> **Problem to solve**: All lines from the one bearing "Plus Size Black" through the end of the data below must be printed exactly as they stand, with pictures removed.

(Short web captions)
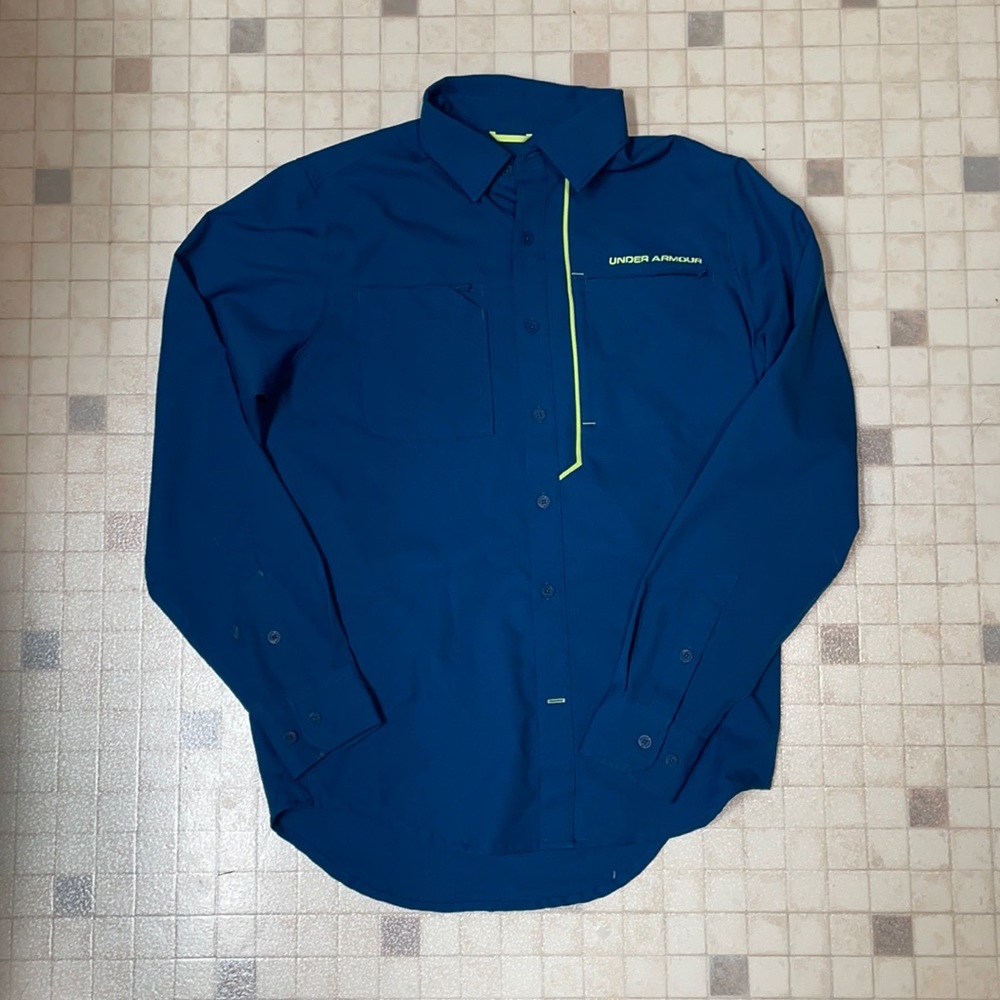 UA Heat Gear Long Sleeve Teal & Highlighter Yellow
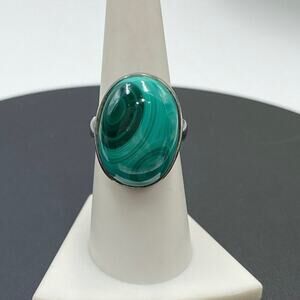 Signed Sterling silver Malachite Heart  Chakra Love Cabochon Bypass Ring‎ 8-8.5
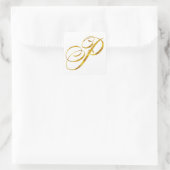 Sticker Carré Monogramme personnalisé P Faux Gold Foil Monogramm (Sac)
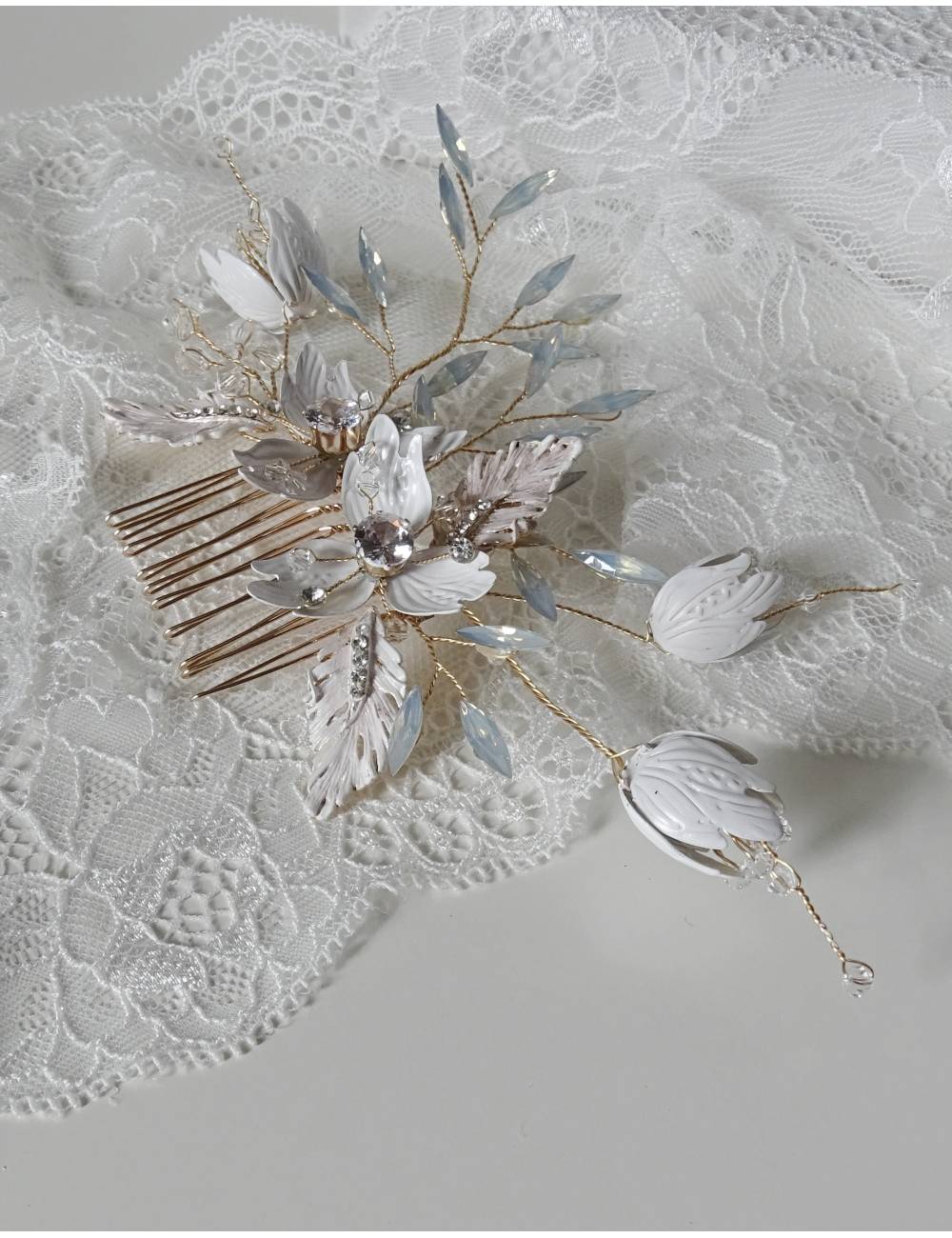 Peineta novia porcelana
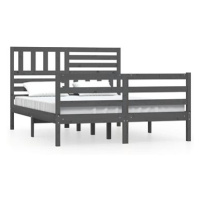 Rám postele šedý masivní dřevo 140 × 200 cm, 3101090
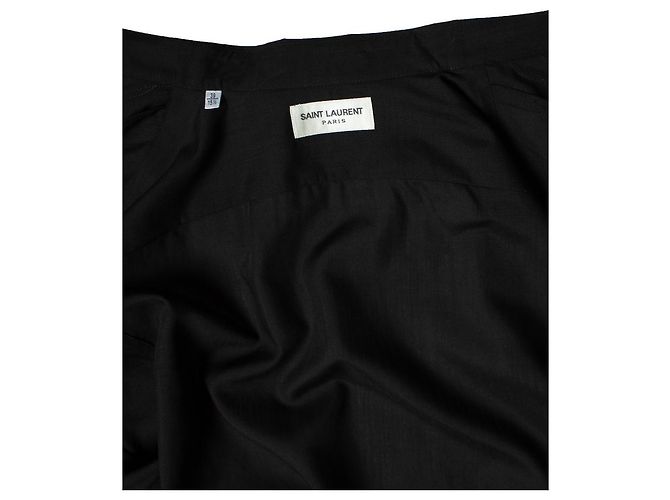 Saint Laurent, camicia nera con colpi di lurex a mezzaluna Nero - vista 7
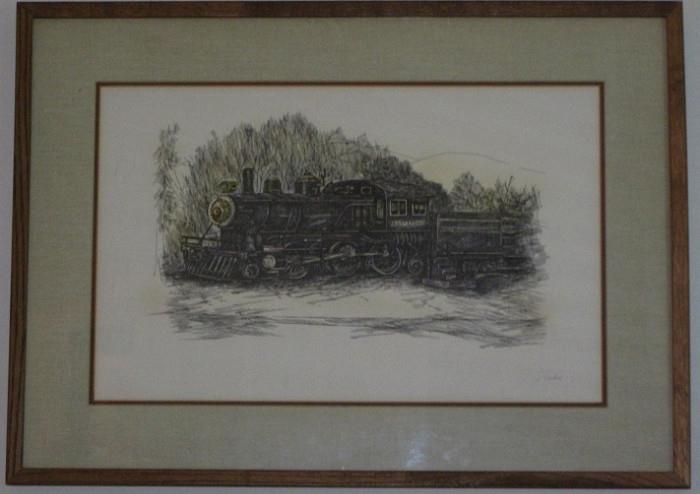 S. Adler "Sharp & Fellow" Steam Engine and Coal Car" pen & ink framed print.  (29"W x 21"H)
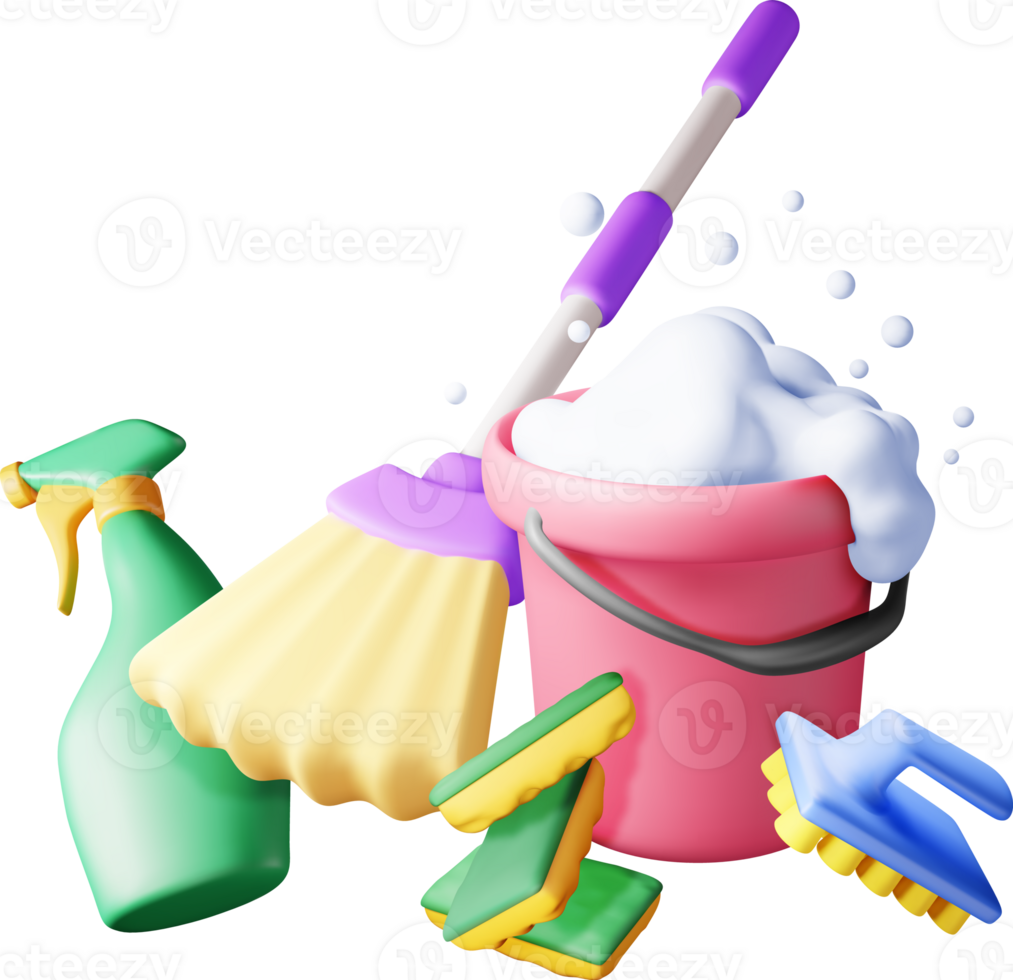 3D set of home cleaning tools and service png
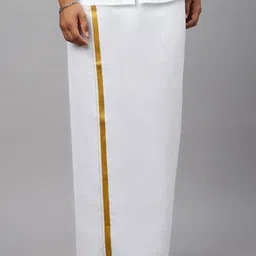 Ramraj Men Solid Adjustable Dhoti with Border image 1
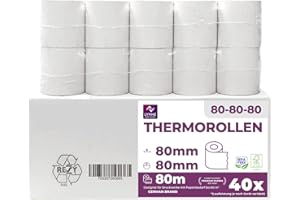 LYNNE PAYMENT SOLUTIONS LYNNE - Rouleau Thermique 80x80x12 - Bobine 80x80 pour imprimante - Rouleau imprimante thermique 80mm x 80m x 12mm - Sans BPA - [40x]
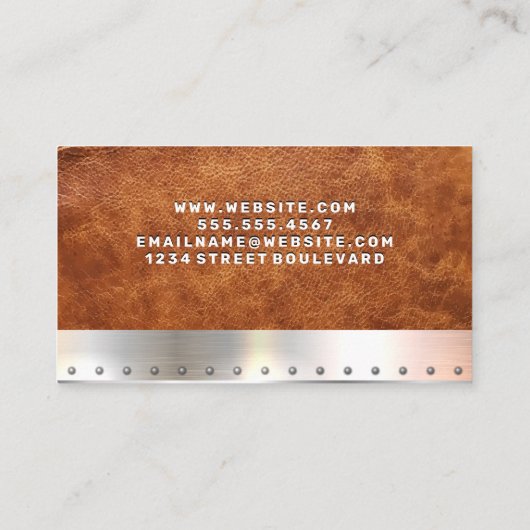 Monogramm | Leder | Metall Visitenkarte (Rückseite)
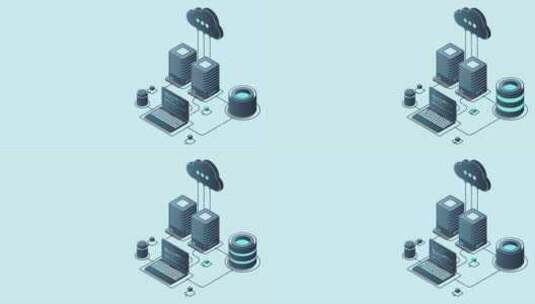 云技术计算动画。现代云技术。数据中心等距高清在线视频素材下载
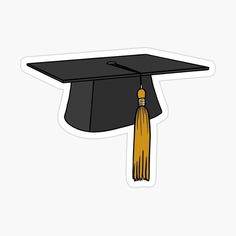 a graduation cap with a tassel hanging from it's side sticker on a white background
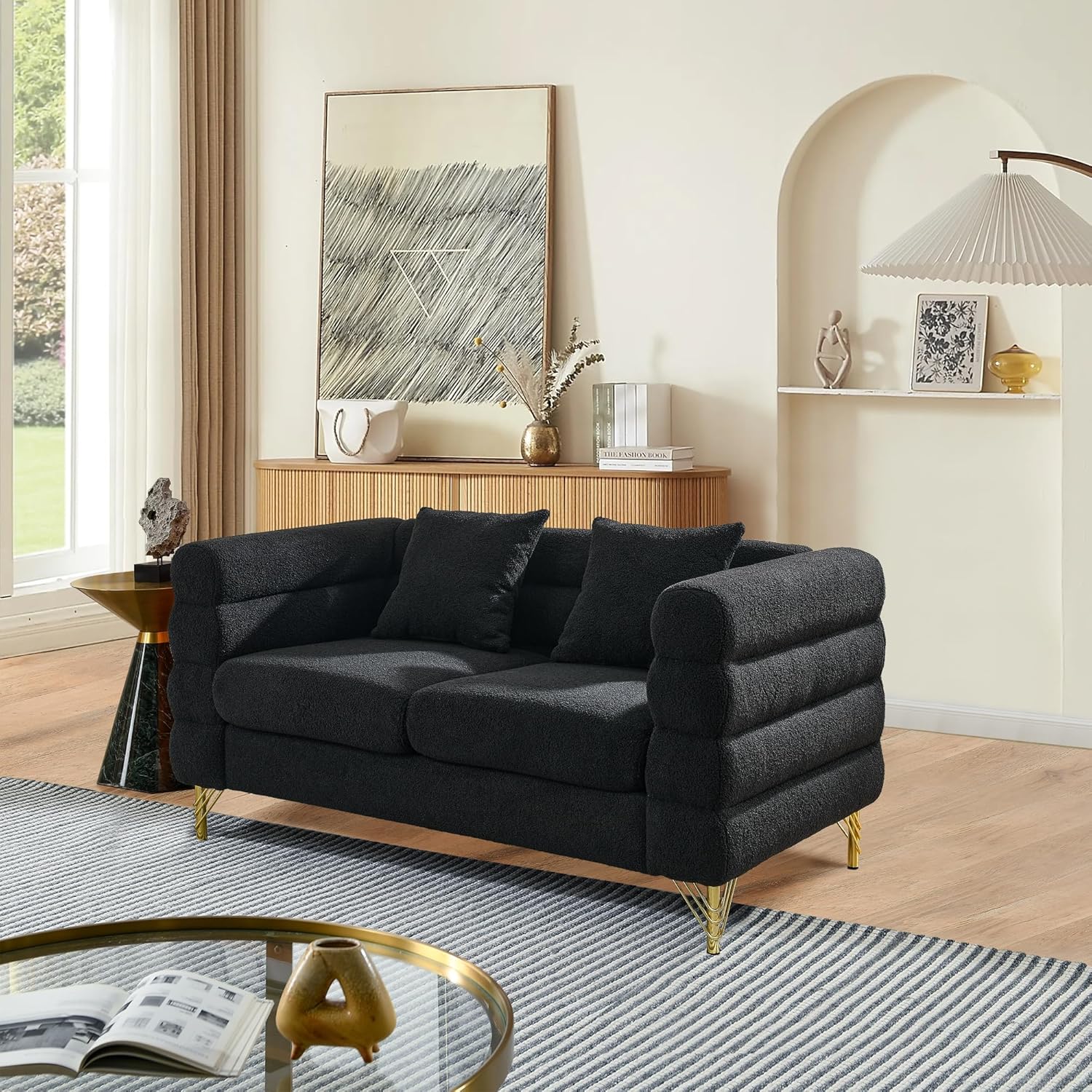 Phirkcraft  Modern Teddy Loveseat Sofa, 60 Inch Sectional Sofa Couch, Luxury 2 Seater Deep Couch with 2 Pillows and Gold Metal Legs for Living Room, Bedroom, Apartment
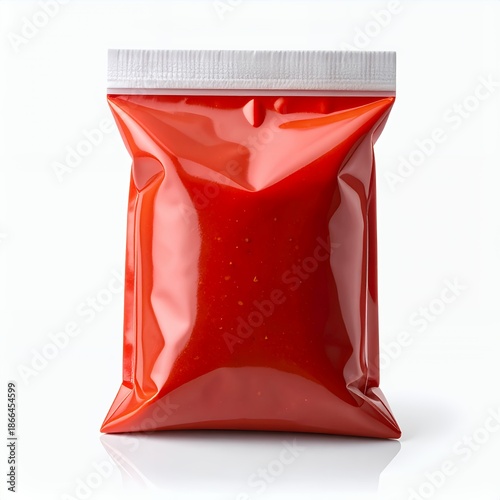 Vibrant red liquid sealed inside a transparent plastic bag presented on a white surface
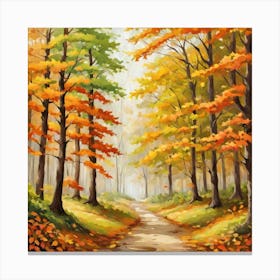 Forest In Autumn In Minimalist Style Square Composition 289 Canvas Print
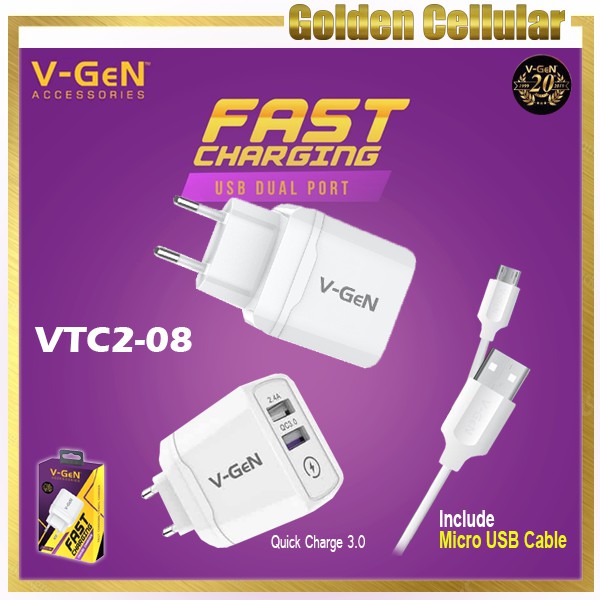 V-GeN Vtc2-08 Fast Charging Adaptor Travel Charger 2 Port USB Vgen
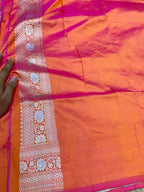 Dual shade Orange-Pink 100% Pure Banarasi Katan Silk Meenakari Saree
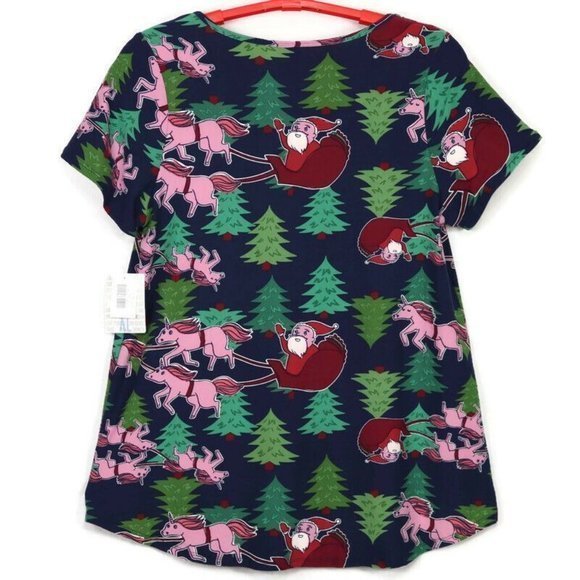 LuLaRoe Classic T Shirt Top Christmas Pink Unicorns Santa Sleigh Blue‎ XL - Picture 2 of 11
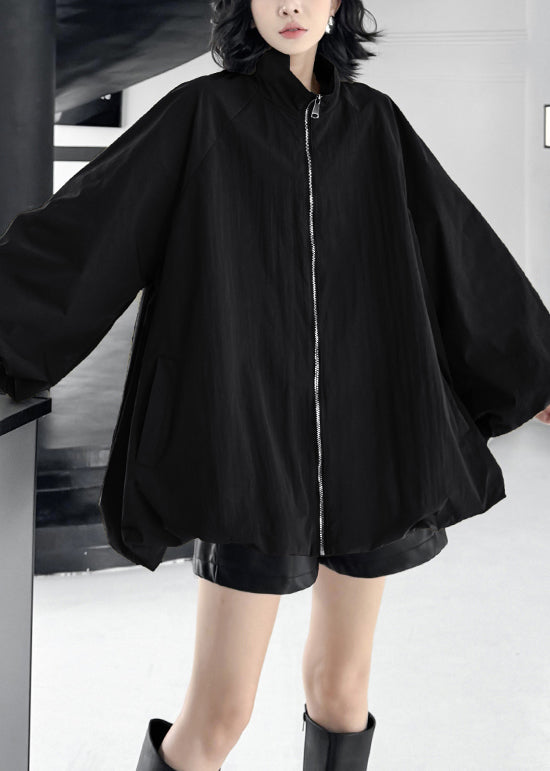 Plus Size Black Zip Up Pockets Cotton Coats Fall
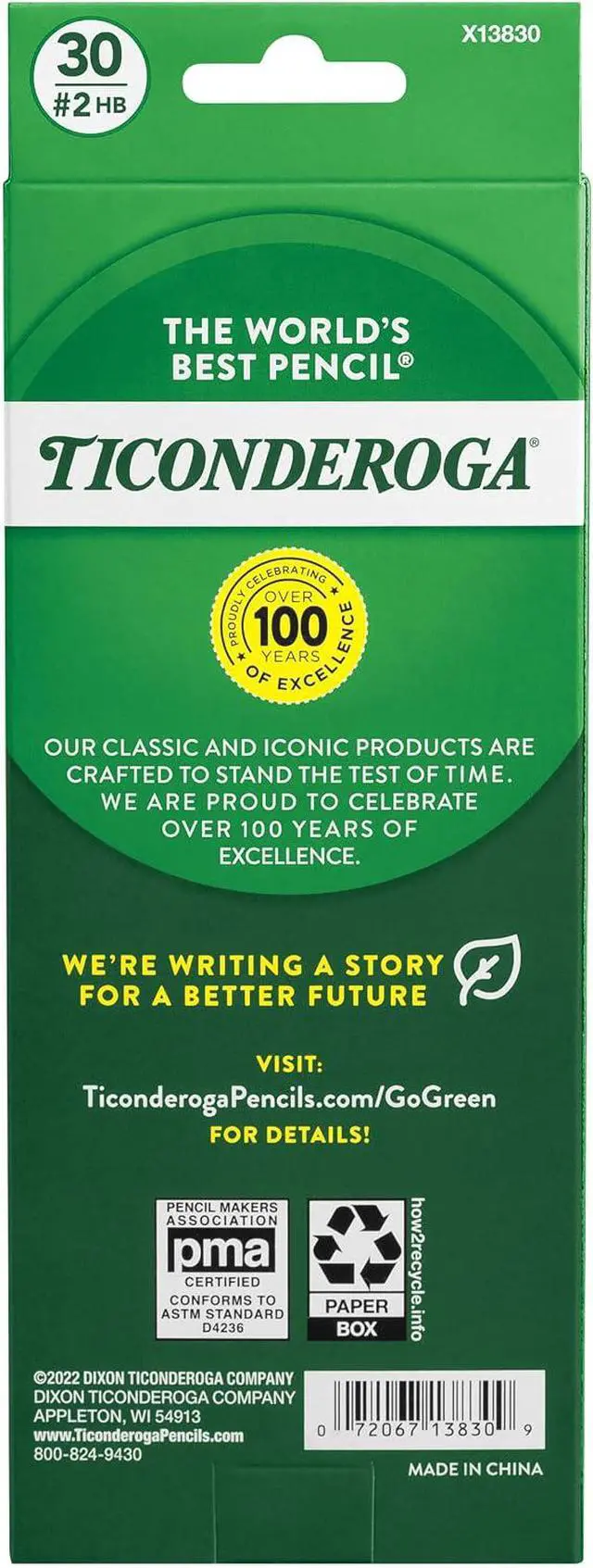 Alt view image 3 of 5 - Ticonderoga Wood-Cased Pencils, Pre-Sharpened | #2 HB Soft, Yellow, 30 Count, Standard Size, High Quality Eraser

> **Response to the task**:
 Plus Size Black Zip Up Pockets Cotton Coats Fall
 Alt view image 3 of 5 - Ticonderoga Wood-Cased Pencils, Pre-Sharpened | #2 HB Soft, Yellow, 30 Count, Standard Size, High Quality Eraser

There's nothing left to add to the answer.